I’d spent so many years under the influence of substances I’d learned to not trust myself.
I was learning that I could trust myself and that I was capable of so much more than I ever imagined. My self-assuredness that I would be okay as I journeyed into this bizarre and alien terrain was affirming this trust. I ducked under more barbed wired, surmounted several nearly vertical hills, and then went down again. However, I was surly trespassing and hoping I wasn’t being observed from afar by a rancher’s gunscope.
I felt strangely calm as if I had spirit guides protecting me. I felt very much in touch with my true self exploring this place. Adventure into to the unknown brings with it the promise of general weirdness.
The twilight lingered far longer than I suspected which inspired me to go out farther; the snow peaks being my north star. Along a valley floor where no one could possibly have recently been – save a ghost, extraterrestrial, or perhaps an ultrarunner – lay the scant and mysterious remains of some large animal. It was a fully intact stomach, a small bit of gut, and not a trace more. There were no tire tracks, footprints, nor animal tracks in the surrounding area. I hastened my pace to surmount the canyon wall and gain higher ground. Once I made it to the top, I found myself on a road so dramatically cracked in half and separated, it looked like cartoon-depicted Armageddon.
There were tilted signs reading Danger Zone and Do Not Enter dotting the obliterated road. I couldn’t resist walking into this area like I was be sung to by syrens.
It was truly one of the strangest scenes I’d ever chanced upon.
There was an entire neighborhood of unfinished mansions which had all been torn in half by cracked earth.
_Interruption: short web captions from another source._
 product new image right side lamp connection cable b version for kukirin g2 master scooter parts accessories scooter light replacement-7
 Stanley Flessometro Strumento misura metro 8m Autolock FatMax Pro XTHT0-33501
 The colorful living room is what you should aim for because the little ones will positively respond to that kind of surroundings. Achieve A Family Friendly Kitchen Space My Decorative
The destruction looked biblical and it was fully deserted save me.
This was a hidden gem of urban decay tourism; a ruinscape of towering transom shards and diagonal colonnades in splinters. It was clearly all recent construction yet nestled in the middle of nowhere. The ruin eerily implied that some elemental force simply wouldn’t allow these superfluous monuments of avarice to stand in the sacred midst of this wilderness.
There was a clear and final demarcation with a particularly large sign erected by The State of Idaho. It extended the width of the road, warning not to enter.
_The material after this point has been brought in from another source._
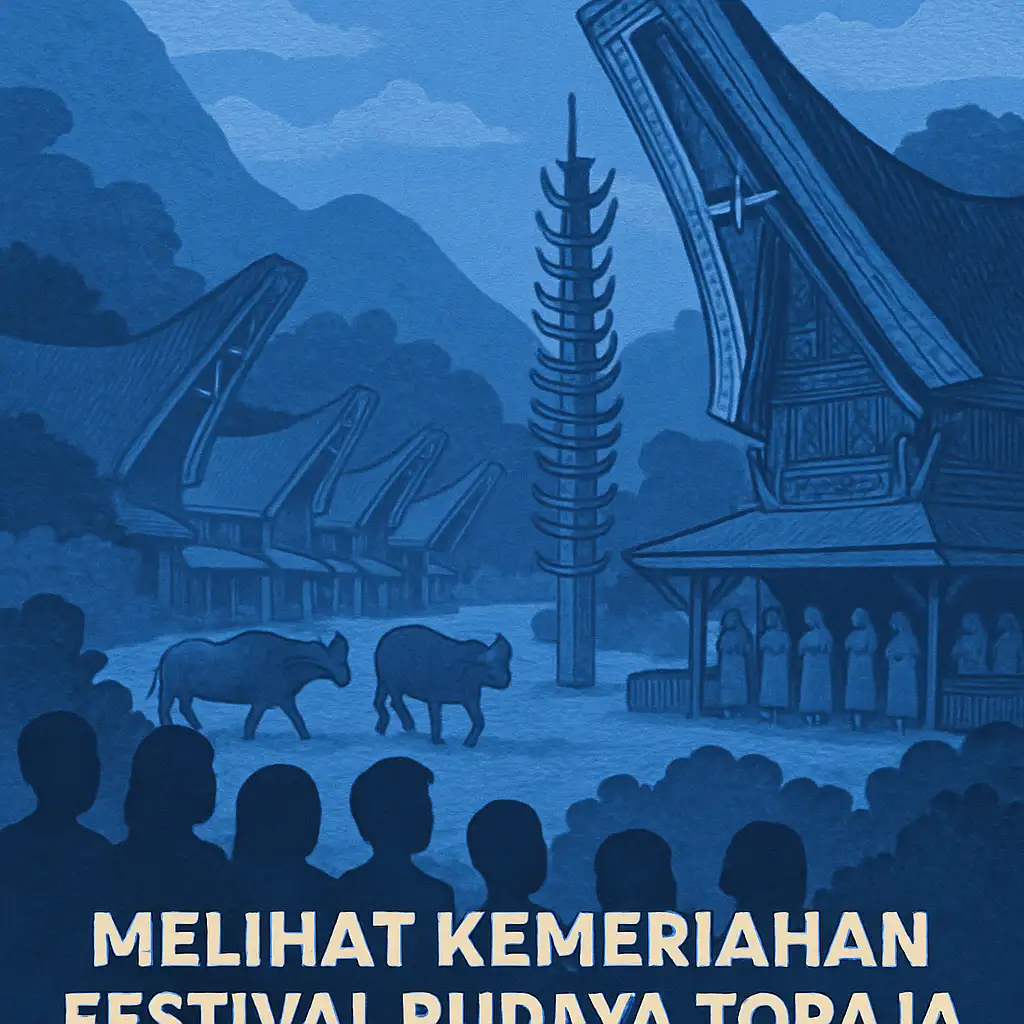 Melihat Kemeriahan Festival Budaya Toraja, Pengalaman Tak Terlupakan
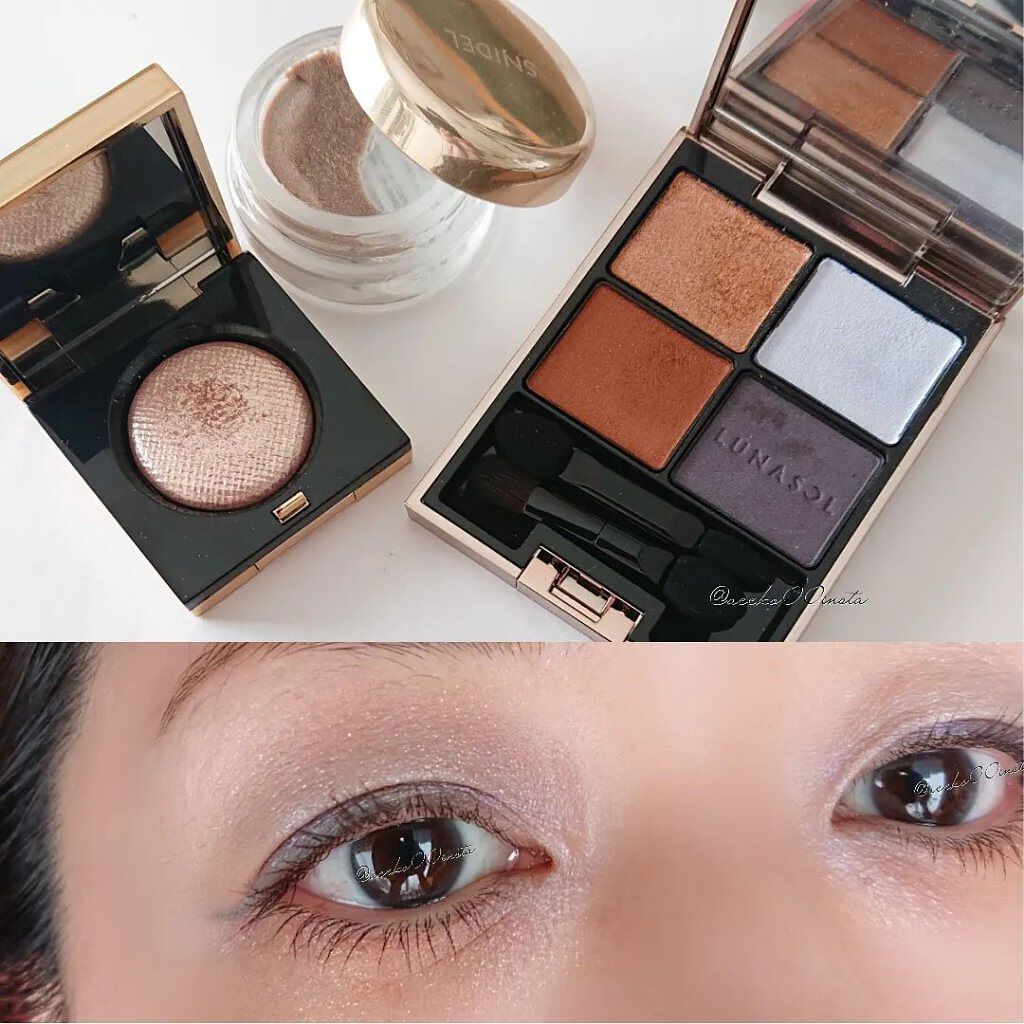 リュクスアイシャドウ/BOBBI BROWN/単色アイシャドウを使ったクチコミ（1枚目）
I walked past this sign feeling very uncomfortable in my gut, and proceeded to raise myself several feet up over a layer of the cracked earth. In that moment my cell phone slid from my fingertips and shattered on the ground joining the sea of broken glass.
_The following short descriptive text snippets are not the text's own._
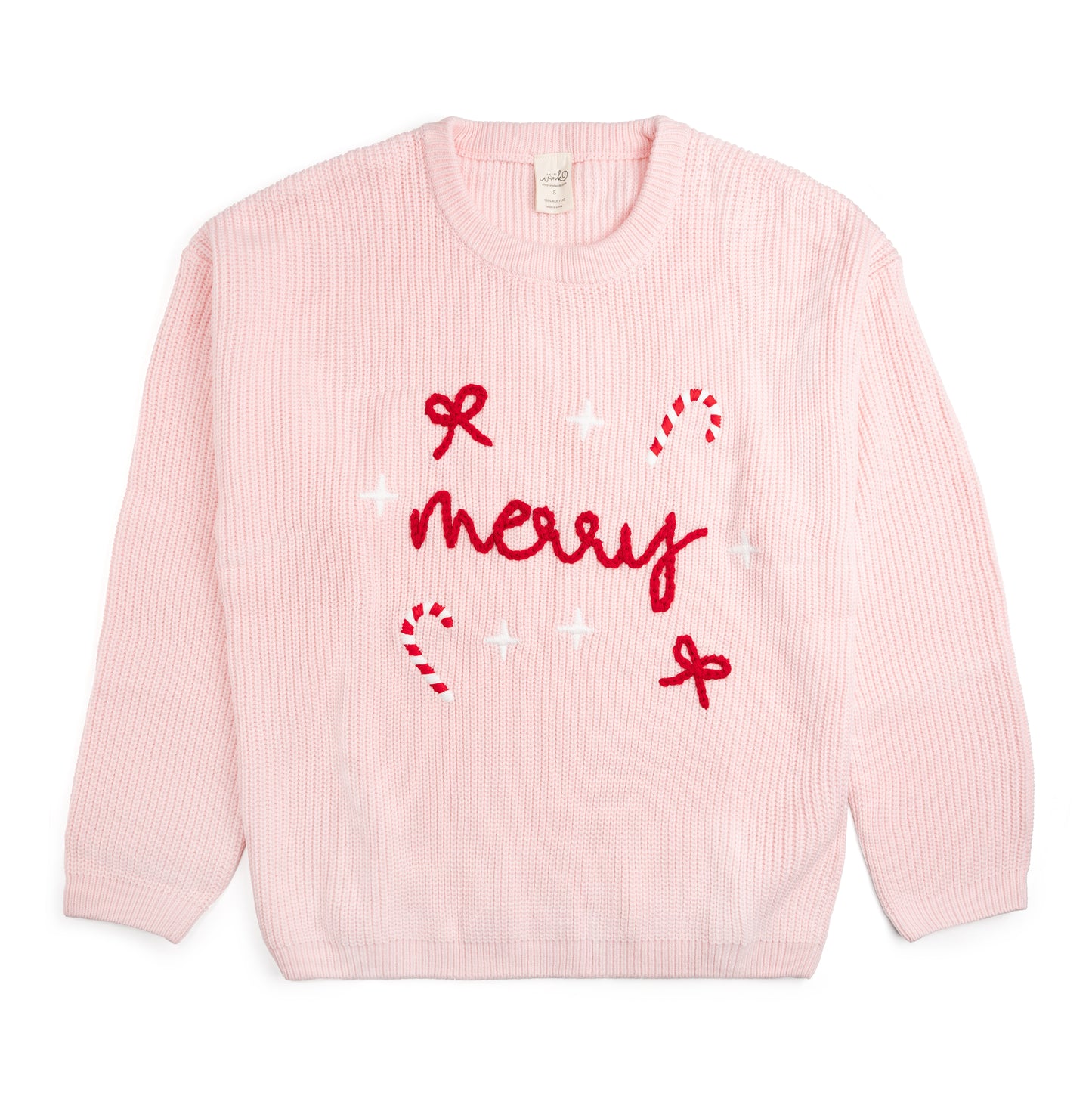 Coquette Merry Christmas Knit Women's Sweater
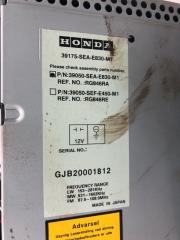 Магнитола с системой навигации Honda Accord 2007 39050SEAE83ZA СЕДАН 2.4
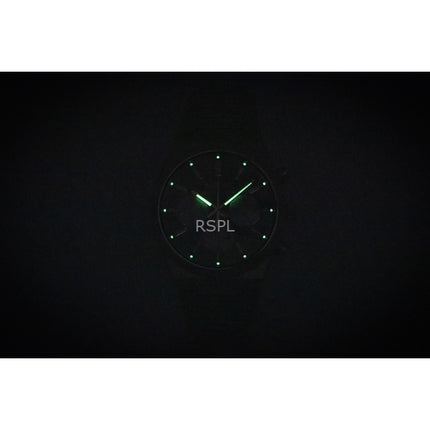 Orologio da uomo Seiko Sport Chronograph in acciaio inossidabile con quadrante verde al quarzo SSB461P1 100M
I took this as a sign from forces greater than The State of Idaho to turn around and start heading home. The snow peaks could wait for another time.
As I saw the lights of the city reappear in the distance, the sky was the most dramatic shade of amethyst I’d ever seen it. The darkening blue enveloped the firmament with a nearly imperceptible softness.
In this time of half-dark I came upon a valley where a hoard of ancient wagons and anachronistic farm equipment lay ochre-colored and corroded like giant red skeletons. Some were behemoth machines while others were simple and modest, but all slept in death-silence forever rusting in this twilight prairie.
It was like a dream.
It was a scene I never would have saw back East or in a parallel future in which I never started moving towards signs.
Leadville, Old Dominion, and Service
When I returned home as a certified RRCA running coach I felt confident that I could now pull off what once seemed foolhardy, so I decided to keep the dice rolling. I knew one of the things missing in my life and on my journey to betterment was service to others. My friend at the local running store kept telling me to volunteer at our local and venerable ultra, The Umstead 100.
For some reason I didn’t immediately take his advice albeit obvious now that it was opportunity falling on my nose.
A sign, perhaps.
I kept telling my wife that I needed to volunteer to figure out my purpose and she (again) pointed me to the obvious. She said, “They keep telling you to volunteer at Umstead, why don’t you start there?”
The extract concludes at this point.